No. No se trata de un anuncio de la Dirección General de Tráfico. Tampoco adapta novela alguna de Danielle Steele. El original literario de base es una obra del gran Richard Matheson que, amén de excelente novelista (Soy leyenda, El increíble hombre menguante, La Casa Infernal) también ha destacado por sus guiones para Roger Corman, el más primerizo Steven Spielberg, incluso la excelente teleserie Kolchak o algún episodio de Star Trek.
En esta ocasión el guión ha corrido por cuenta de Ron Bass, quien, entre algún que otro despiste, tiene trabajos destacables como El club de la buena estrella (The Joy Luck Club, 1993), de Wayne Wang. Aún así, muchos aficionados hubiéramos preferido en tales labores al señor Matheson, que su oficio tiene.
En lo que no cabe ninguna duda es en el acierto de tener a Vincent Ward a la dirección, pues es soberbio como creador de atmósferas, incomparable en el plano estético, y siempre sabe dotar de irrealidad y estilización a las situaciones más cotidianas. Su mirada es especial; taciturna, reposada, mágica... No es ninguna exageración afirmar que Ward es uno de los realizadores más personales y herméticos con que cuenta el fantástico hoy día.
En cuanto al reparto, lo encabeza Robin Williams. Cada vez que pone cara de "padrazo" remueve al empacho. Pero por fortuna la réplica femenina viene de la mano de Annabella Sciorra. Nadie como ella para expresar la crispación de una mujer maltratada, ya lo demostró en El Funeral (The Funeral, 1996), de Abel Ferrara. Como El Rastreador tenemos a Max Von Sydow, del que no se pueden decir más que elogios...
Y es que este guión, que en manos de otro hubiera devenido en aparatoso folletín, en manos de Ward resulta elegante y poético. En el primer tercio de película abundan los fundidos en blanco (literal), lo cual dota de cierta evanescencia a los acontecimientos, invitando desde el principio a la introspección.
Sorprende el excelente uso de las elipsis, que crean una lírica fantasmal y melancólica. En este sentido, no podemos evitar la tentación de hablar de una secuencia: plano general; en el centro del encuadre, un coche avanza, ligeramente ralentizado, albergando a los dos hijos con la niñera; en los extremos del generoso scope, los árboles son suavemente mecidos por el viento; de los árboles brotan flores azul jacarandá, insólito color; la voz en off de Robin Williams dice: "Fue la última vez que Annie y yo los vimos con vida". Con esa sutileza despacha Ward la muerte de los niños.
Poco a poco, esta alucinada narración irá tomando tintes fantásticos, pues el padre al morir llegará a su Paraíso particular, un bello óleo impresionista que remite a obras de Monet o Van Gogh.
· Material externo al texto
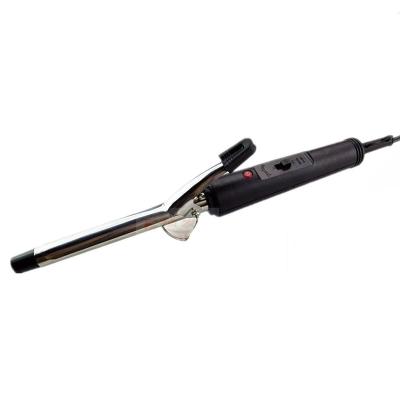 China ZF-2002 Fashion Hair Curler Iron Competitive Price Aluminum Hair Curler for sale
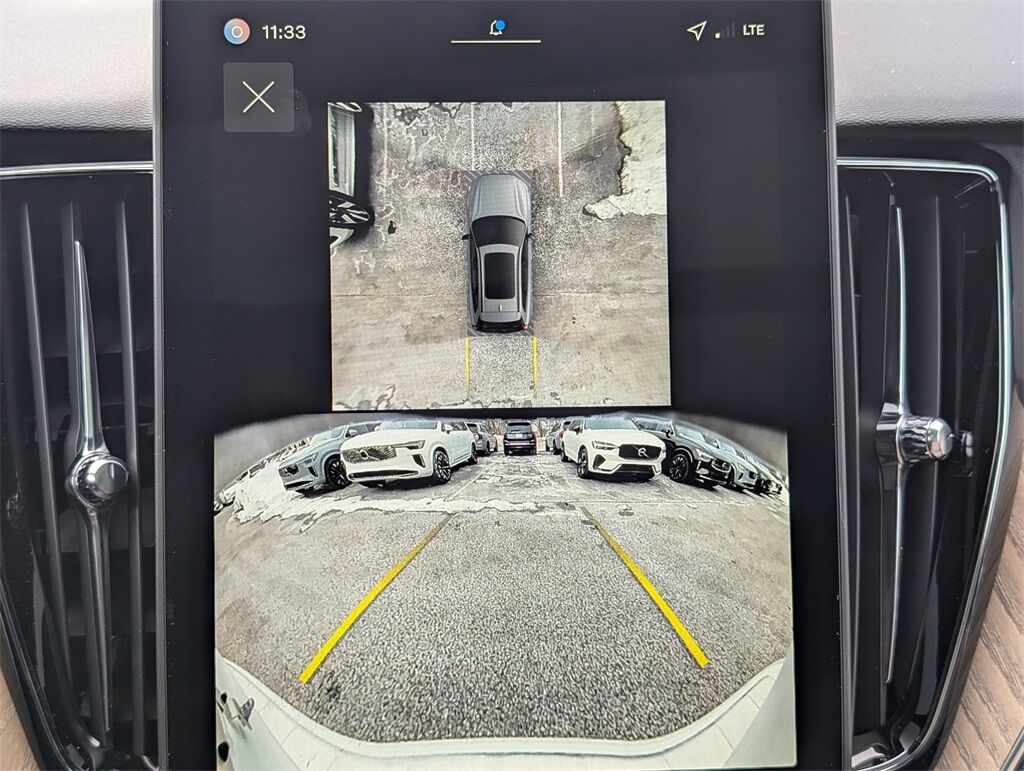 2026 Volvo XC60 B5 Plus Hunt Valley MD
Esta ensoñación tiene su coherencia, pues la mujer es pintora y marchante en una galería (acierto de guión; en la novela de Matheson Annie trabajaba en una simple empresa).
Así, la película tiene una impresionante parte de fantasía blanca, que concluye cuando Robin Williams ha de descender al Infierno, cual Orfeo, para recuperar a su amada. El Infierno según Ward recuerda al relato "Dagon", del genio de Providence, H. P. Lovecraft, pues el fondo oceánico emerge a la superficie, aunque en la película cubierto por cuerpos humanos agonizantes cubiertos de tierra y barro. Es ésta otra curiosa coincidencia, con el desenlace de El Más Allá (L'aldila, 1980), del justamente menospreciado Lucio Fulci.
De ese modo, se pasa del colorismo al monocromatismo tenebroso y expresionista de la última parte del film. Ciertamente, esta parte parece algo precipitada, lo cual hace pensar que en la sala de montaje ha quedado material sin utilizar. Ojalá dentro de un tiempo tengamos un director's cut... En fin, sólo son suposiciones.
Resulta sintomático el desprecio que tanto crítica como público han profesado a esta película. Quizás se deba a su cadencia, a su sosiego, a su falta de atropellos; en definitiva, a que el público de hoy en día está sobre-estimulado y no tiene tiempo para deleitarse o demorarse contemplando una obra de arte.